• **What you are asked to do**: Only the lines below from the one containing "Krevet s oprugama" through the one containing "killtec KOW 242" belong in the answer, set down exactly, with the pictures left out.

• **Input data**:
+--
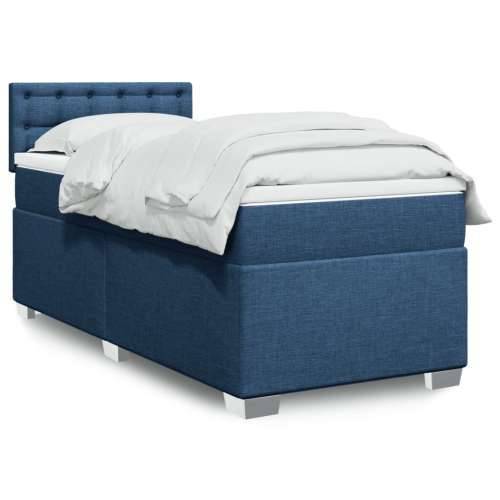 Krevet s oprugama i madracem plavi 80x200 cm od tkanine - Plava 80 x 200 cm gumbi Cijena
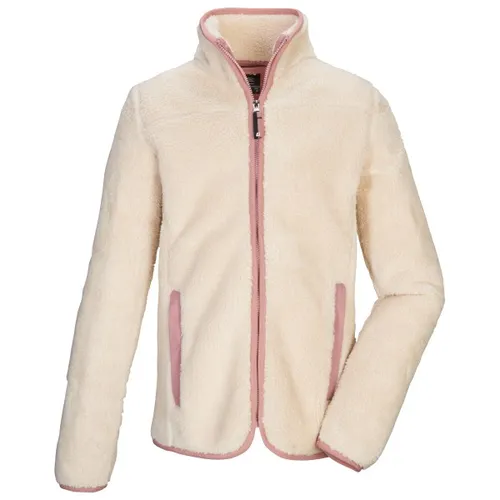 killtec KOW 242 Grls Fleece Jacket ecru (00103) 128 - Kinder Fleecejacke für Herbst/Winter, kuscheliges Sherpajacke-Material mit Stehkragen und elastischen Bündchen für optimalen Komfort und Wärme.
+--
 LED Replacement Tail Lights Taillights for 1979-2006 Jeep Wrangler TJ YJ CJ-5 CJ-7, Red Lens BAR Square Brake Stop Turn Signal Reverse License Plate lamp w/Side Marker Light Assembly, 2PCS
+--
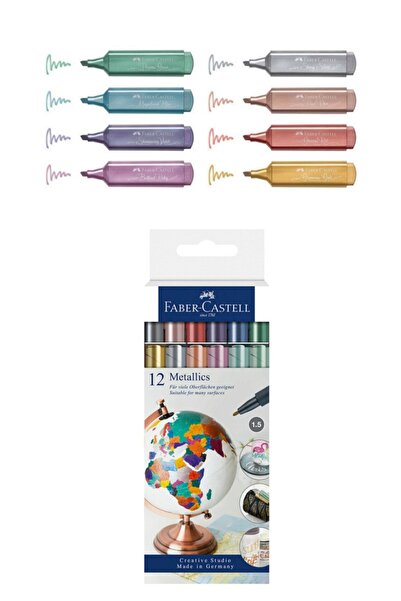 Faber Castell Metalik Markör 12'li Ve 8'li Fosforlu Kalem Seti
+--
• **Output**:
 Krevet s oprugama i madracem plavi 80x200 cm od tkanine - Plava 80 x 200 cm gumbi Cijena
 killtec KOW 242 Grls Fleece Jacket ecru (00103) 128 - Kinder Fleecejacke für Herbst/Winter, kuscheliges Sherpajacke-Material mit Stehkragen und elastischen Bündchen für optimalen Komfort und Wärme.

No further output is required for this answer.